By Hakeem Alexander
(Exercising Your Mind) Last night I did not get the amount of sleep I need to stay alert the whole day. So now, in addition to my all organic almonds, brazil nuts, cashews, filberts and banana, I also have a freshly brewed cup of organic coffee to pick me up.
I do not usually drink much coffee, I prefer herbal teas with little or no caffeine, because then I would not sleep at all.
Last night I happened to be up later than usual because I was reading chapter 47 of the Fourth Edition in Principles of Neural Science, the chapter on Sleep and Dreaming.
I am now mining chapter 48, Disorders of Sleep and Wakefulness for this and future publications. At the moment, I am on the section called:
Chronic Insufficient Sleep Syndrome Reflects a Failure to Obtain Sufficient Sleep
It opens with: Chronic insufficient sleep syndrome results when a person persistently fails to obtain the amount of sleep necessary to maintain normal alertness throughout the day.
Just like how I chose to lose sleep last night to read the source book I am using, chronic insufficient sleep syndrome is caused by a voluntary restriction of daily sleep time. This next case will demonstrate just how common this actually is.
Last night, when I asked a good friend and fellow Yoga Instructor how she was doing, she replied “I’m good, busy, tired at times, but overall really good“.
When I told her I was taking an opportunity to write about National Sleep Awareness Week, she replied “Cool! Yeah I’m tired because I wake up at 4am Monday through Friday to teach and have early clients on most weekends also. Trying to teach myself to go to bed earlier“.
Her situation directly correlates to chapter 48 that I am now reading. It continues in the second paragraph:
“Chronic insufficient sleep syndrome typically occurs in adults during the third to sixth decades of life and is more common in men. People at risk might include students, those working two jobs, those with very early morning work report times, or those with unusually extensive work and homecare responsibilities“.

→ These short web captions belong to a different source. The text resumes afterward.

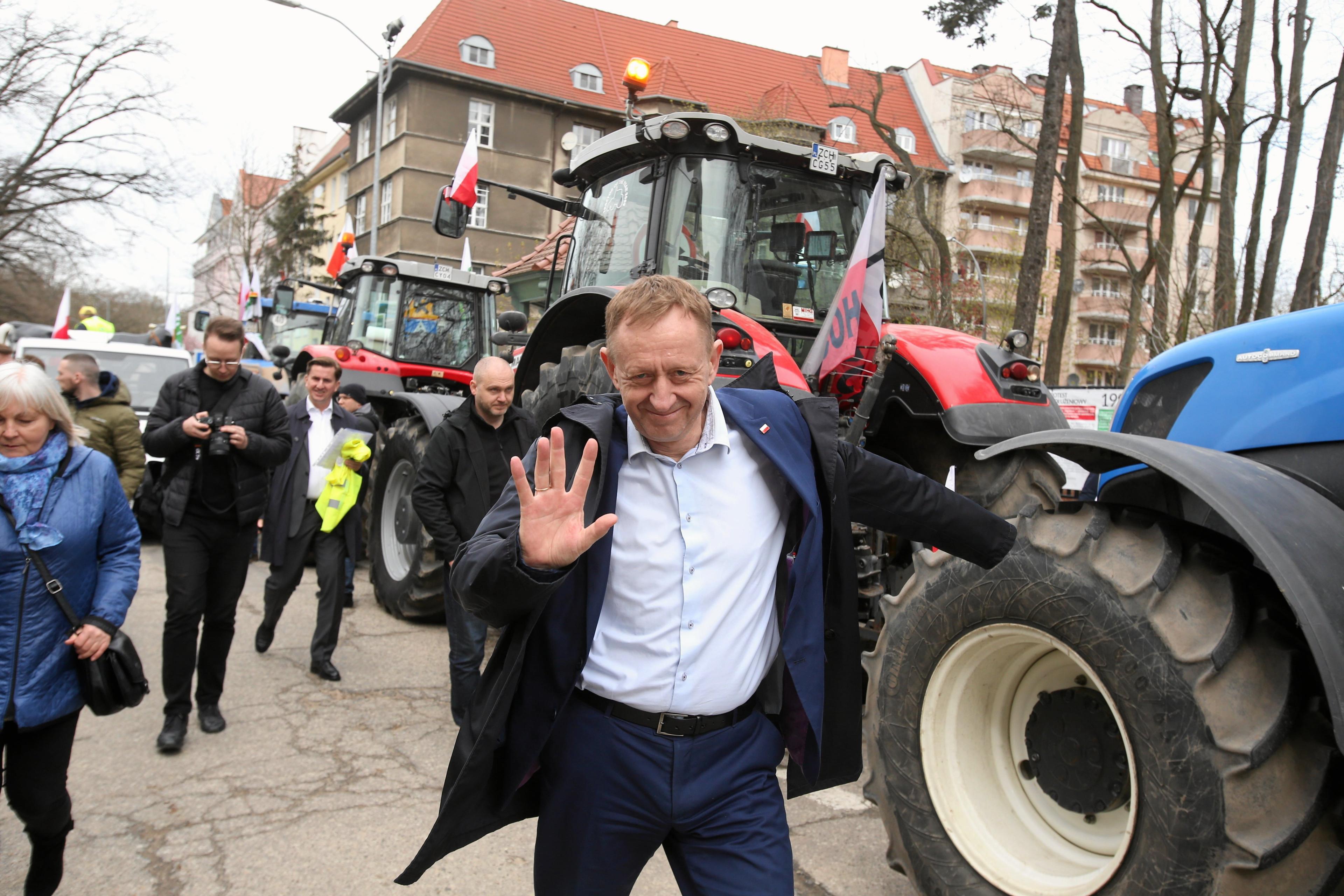 Uśmiechnięty minister Robert Telus. W tle traktor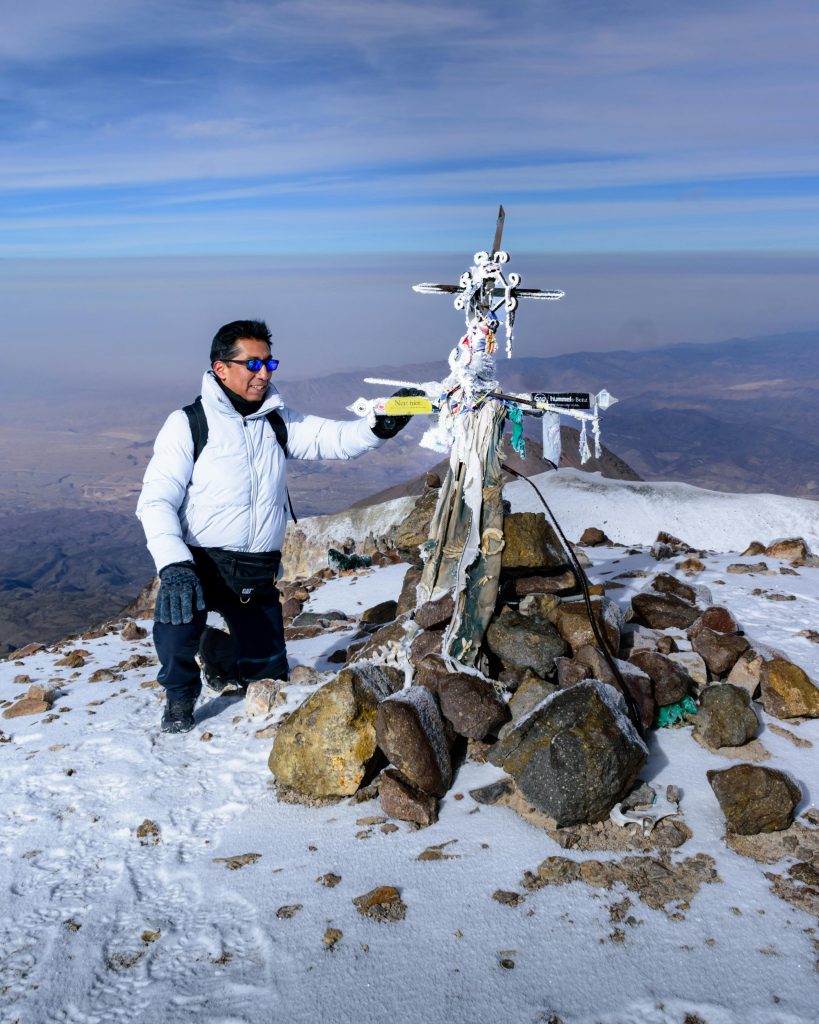 A mountaineer at the summit in the snowy Andes, displaying adventure and freedom in Peru.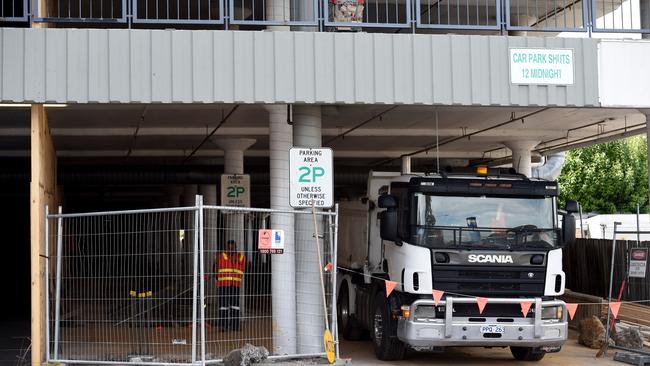 Construction inside the multi level carpark of a new travelator (escalator for people and shopping trolleys) near the Coles supermarket at Dorset Square, Boronia.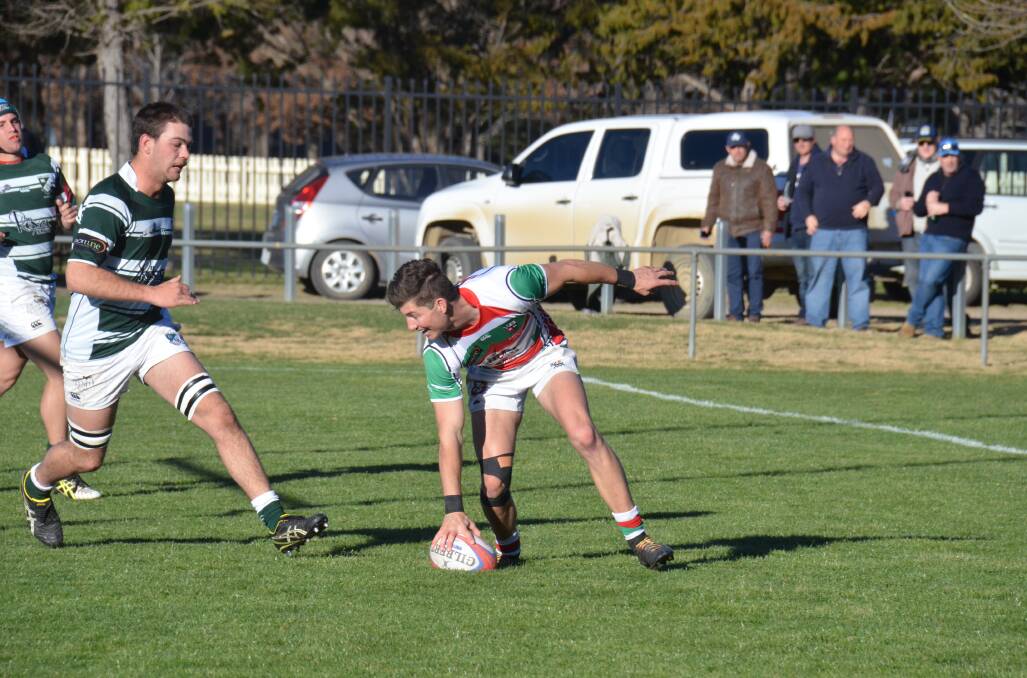 TRY TIME: James Reynolds plants the ball down for Albies in their round 13 clash against Robb College on Saturday.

Another friend of mine who works in High Definition TeleVision Post-Production, usually sleeps in much longer on weekends when not working, or stays in bed all day.
Both he and my Yogi friend are not drug or alcohol users, and neither have been diagnosed with, or display any abnormal psychological symptoms. I know that my TeleVision friend recently passed a physical exam in order to obtain life insurance from another of my associates who sells insurance.
In addition, I just called my Yogi friend to confirm whether she had any medical conditions. She also recently completed a physical and is in sound health.
Again, Principles of Neural Science accurately states:
“Clinical evaluation reveals normal psychological and physical health, no history of a prior medical cause of the sleepiness, and the absence of alcohol or drug abuse. Patients do not have a disease that would interfere with their ability to maintain biologically necessary sleep—they just don’t spend enough time in bed“.
In 1999, Eve Van Cauter, PhD., conducted a study at the University of Chicago involving sleep deprivation.
She found that healthy young adults, like myself and two friends, could be made to have glucose and insulin characteristics like those of diabetics!
This was done by restricting sleep to 4 hours each night for 7 days. Imagine what cumulative, negative effects may develop from chronic sleep deficiency over much longer periods.
For more info:
I have already attempted to communicate the idea that unhealthy eating may adversely effect sleep.
It is also possible to inflict harm on our appetites and metabolism by not getting enough sleep. Dr. Cauter also found that sleep deprived individuals have lower leptin levels.
Leptin is a hormone that helps people feel satisfied after eating. Therefore, lower levels may result in bigger appetites leading to over-eating.
Sleep deprivation may also impair the body’s ability to efficiently use insulin, and also cause hypertension, or high blood-pressure and cardiovascular disease. These are characteristics of diabetics.
The symptoms of fatigue and hunger are similar, and may stimulate a person to eat excessively when they mistake symptoms of insufficient sleep for hunger. Obviously this can trigger a perpetual cycle.
Poor nutrition, which includes over-eating has been demonstrated to cause sleep-disorders, and sleep disorders may provoke unhealthy eating.
The average recommended amount of sleep is between 7 to 9 hours. But sleep needs are genetically determined and varies with each individual.
Getting less sleep than this norm, or those who need more but stick to this alloted time, will result in sleep deficiency.
It is very important for me, you, and everyone concerned about optimum health to focus on good sleep hygiene practices.
Without proper sleep, even our exercise efforts become less effective. Although exercise may help boost our body’s ability to properly use insulin, this may be easily neutralized by lack of adequate sleep.
Being aware of your personal sleep needs, and using this awareness will optimize your nutrition, exercise efforts, health, and overall quality of life.